Western Australia and Victoria have launched campaigns calling for the new federal agency to be based in their states, hoping to benefit from space industry jobs.
But Australian Strategic Policy Institute space lead Dr Malcolm Davis says a decision on the agency's base needs to be made quickly to stop states fighting.
"What the states need to understand is the space agency is not going to be a NASA Down Under," Dr Davis told AAP on Monday.
"It's not going to be an all-encompassing organisation that builds hardware, launches hardware, runs space missions."
Instead the agency will coordinate funding, research and policy in a bid to drive private sector investment.

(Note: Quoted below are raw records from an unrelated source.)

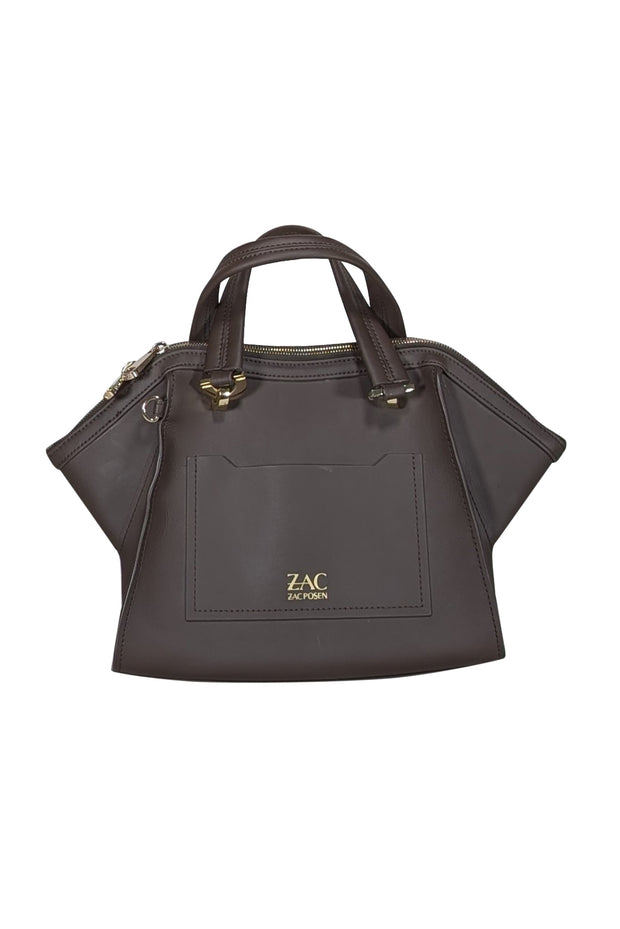 Current Boutique-Zac Posen - Brown Leather Satchel Bag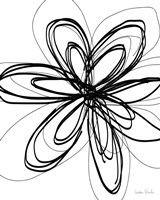 Framed 'Black Ink Flower I' border=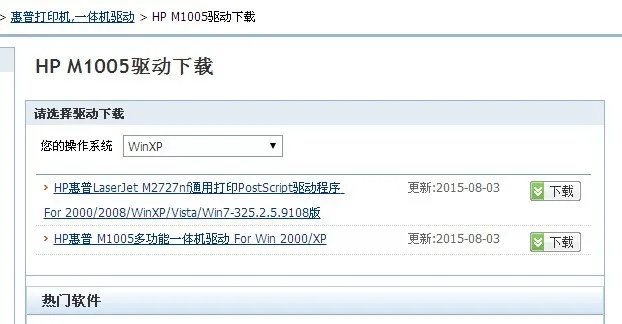 惠普打印机HP LaserJet 100 color MFP M175驱动去哪里下载,应当下哪个驱动?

WA Science Minister Dave Kelly on Monday released an ACIL Allen report outlining the state's geographic advantages and its already thriving space industry.
Victorian Industry Minister Ben Carroll has requested a meeting with his federal counterpart by the end of June to press the state's case.
Victoria is home to some of the world's biggest names in aerospace, including Lockheed Martin, Thales, Boeing and BAE Systems.
"No other state or territory can boast having one in five space industry headquarters right here in Victoria, ready to go," he said on Monday.
Innovation Minister Michaelia Cash, who will address an ASPI space conference in Canberra later this week, said the agency is aimed at giving Australian businesses access to a global industry.
"We welcome all expressions of interest in building Australia's space capability and encourage businesses to get involved in this exciting new growth industry," she told AAP.
Dr Davis said the agency is not going to be the job creator some think it is.
"The space agency might employ, at the most, a few hundred to a thousand people," he said.
"It's not going to employ 20,000 people."
Dr Davis said the agency was meant to create the conditions for the private sector to flourish, rather than be a political football for states to fight over.
"Frankly it's counter-productive to allow this to go on," he said.
"It's actually detracting from the whole purpose of the organisation, which is to develop Australia as a space power.
"I think it's ludicrous to say 'Victoria should have it over South Australia'. It's going to be a national activity."
The agency is due to begin operations on July 1, and Dr Davis says it should be based in Canberra.